Extract verbatim every line from the one containing "Lululemon ABC Relaxed" to the final line of the records below, inclusive, and exclude all pictures.

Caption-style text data
##############################

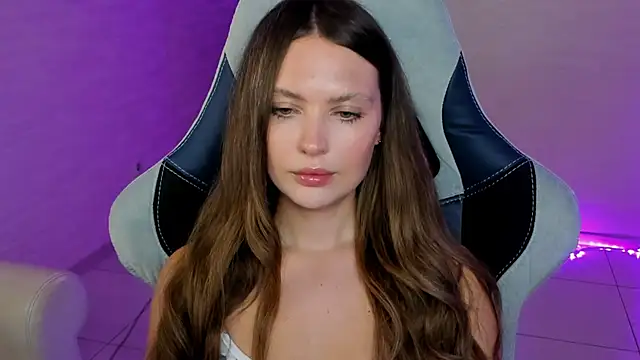 yourArya's cam snapshot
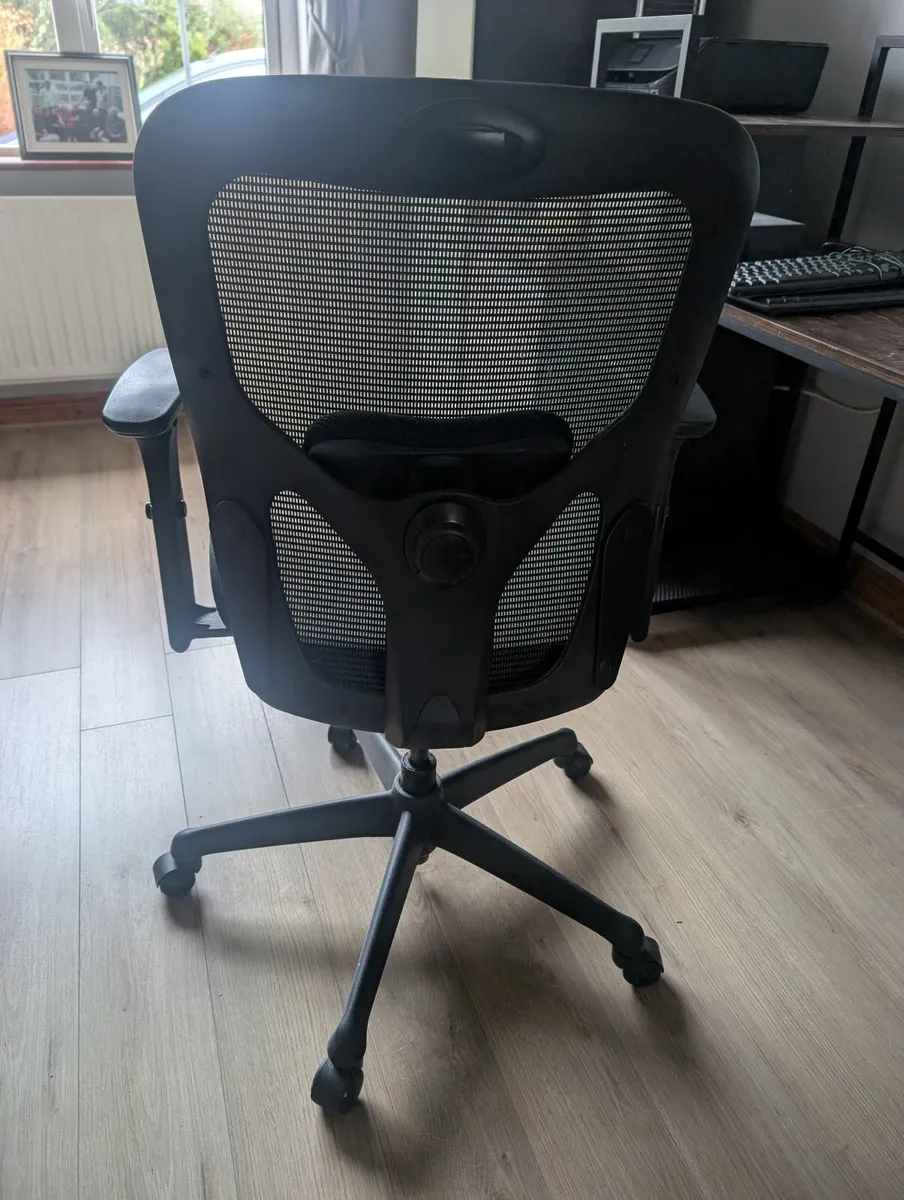 Wooden desk and ergonomic office chair - Image 4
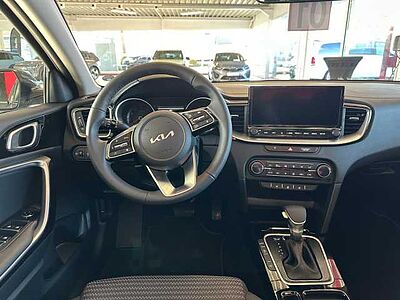 Kia CEED 1.5T DCT7 Vision NAV KOMFORT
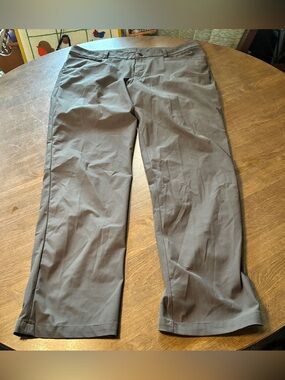 Lululemon ABC Relaxed Fit Pants Utilitech Size 40x32 Dark Gray
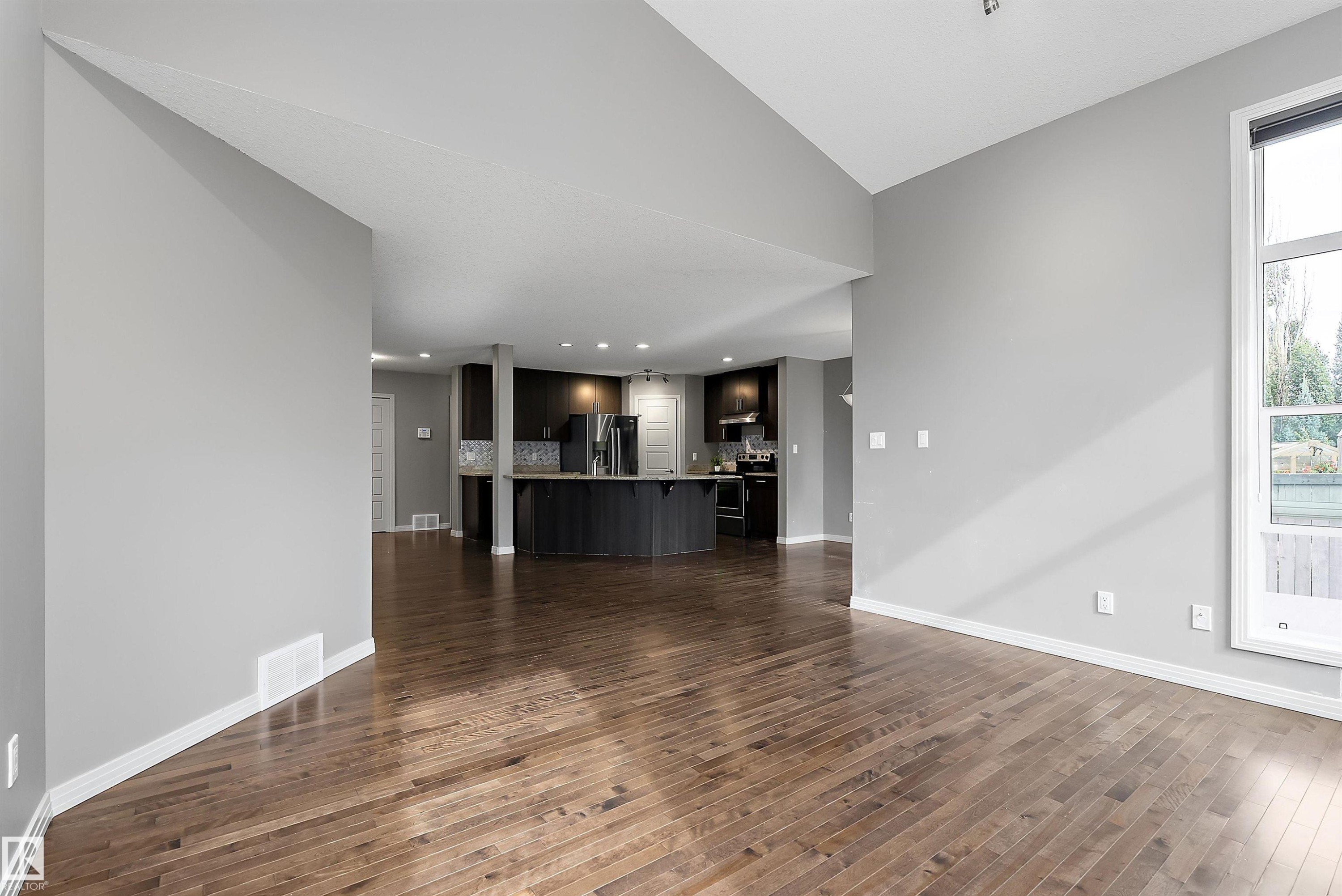 740 173 Street Sw, Edmonton, AB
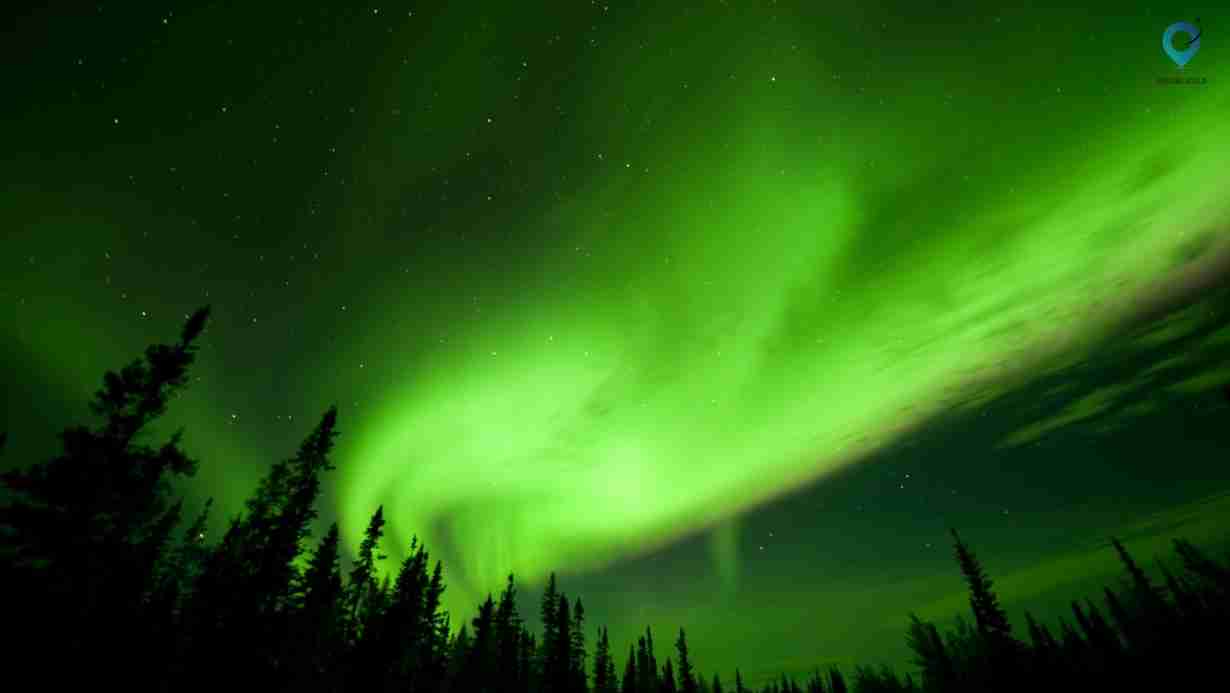 Yellowknife-Northern-Lights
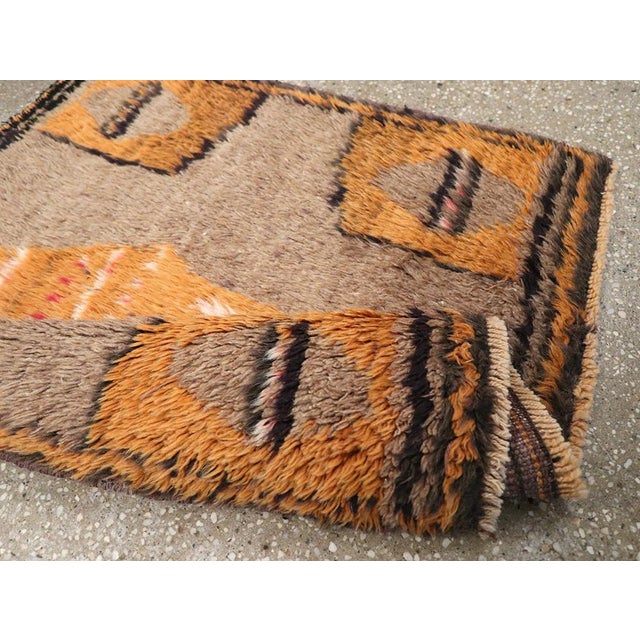 Textile Galerie Shabab Collection Mid-20th Century Turkish Konya Rug For Sale - Image 7 of 7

##############################

WRITTEN RESPONSE
 Lululemon ABC Relaxed Fit Pants Utilitech Size 40x32 Dark Gray
 740 173 Street Sw, Edmonton, AB
 Yellowknife-Northern-Lights
 Textile Galerie Shabab Collection Mid-20th Century Turkish Konya Rug For Sale - Image 7 of 7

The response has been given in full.